Bedah Novel “Rasina”, Mengetahui Proses Kreativitas Penulisan dan Sejarah Kelam Indonesia

Diary Warda
4 Min Read

MALANG (dialogmasa.com) – Bedah buku dan diskusi publik ‘Perempuan, Buruh & Luka kolonial’ di Pustaka Kafe, Klojen, Kota Malang yang diselenggarakan Pelangi Sastra, Himpunan Mahasiswa Departemen Sejarah Universitas Malang (UM), dan NeoDialogika, Pada Rabu (23/4).

Acara yang dihadiri sekitar 50 peserta ini dimulai sekitar pukul 19.00 WIB. Kegiatan diawali dengan pemutaran teaser Novel Rasina karya Iksaka Banu. Dalam pemaparannya, Iksaka Banu mengungkapkan, latar belakang ia menulis novel ini untuk memberi tempat kepada orang-orang marginal termasuk kaum budak dalam sejarah yang sering dilupakan.

“Kalau kita lihat di medsos, Belanda itu jahat sementara orang Indonesia yang dijajah dianggap suci, tidak bersalah. Padahal ada orang Belanda baik ada juga yang jahat begitu pula orang Indonesia,” ujarnya mengemukakan alasan mengapa ia sering mengangkat tokoh orang Belanda dalam karya-karyanya termasuk dalam Rasina.

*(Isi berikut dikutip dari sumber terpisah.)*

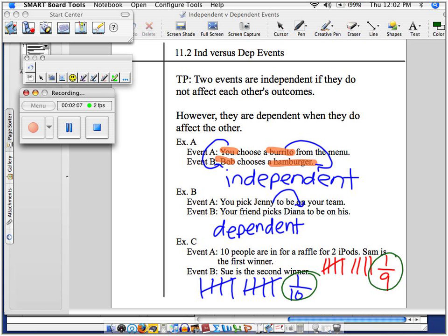So in example C, we have a dependent situation because we increased Sue's chance of winning. In the beginning, Sue only had one out of ten chances of winning. But after a winner was chosen, there's less people to compete against, so Sue only has one out of nine chances. That's better — we improved her odds. So that's why in example C, this is a case of the dependent situation.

Sebelum menulis cerpen Kalabaka yang menjadi cikal bakal Rasina, Iksaka Banu mengaku mengadakan angket terlebih dahulu untuk mengetahui pengetahuan orang akan peristiwa pembantaian orang-orang Banda.

Sementara itu, Yuventia Frisca (Dosen Ilkom UM) yang juga menjadi narasumber, memuji Iksaka Banu karena telah memberikan pencerahan melalui karya-karya tulisnya yang berlatar sejarah. Ia mengaku tema-tema sejarah yang diangkat alumnus ITB ini tidak diajarkan di sekolah.

“Orang selalu mengacu pada Simone de Beauvoir jika berbicara mengenai perempuan dan kekerasan. Perempuan adalah korban budaya dari patriarki berdasarkan pemikiran Simone de Bouvair,” ucap Yuventia Friska terkait tokoh Rasina.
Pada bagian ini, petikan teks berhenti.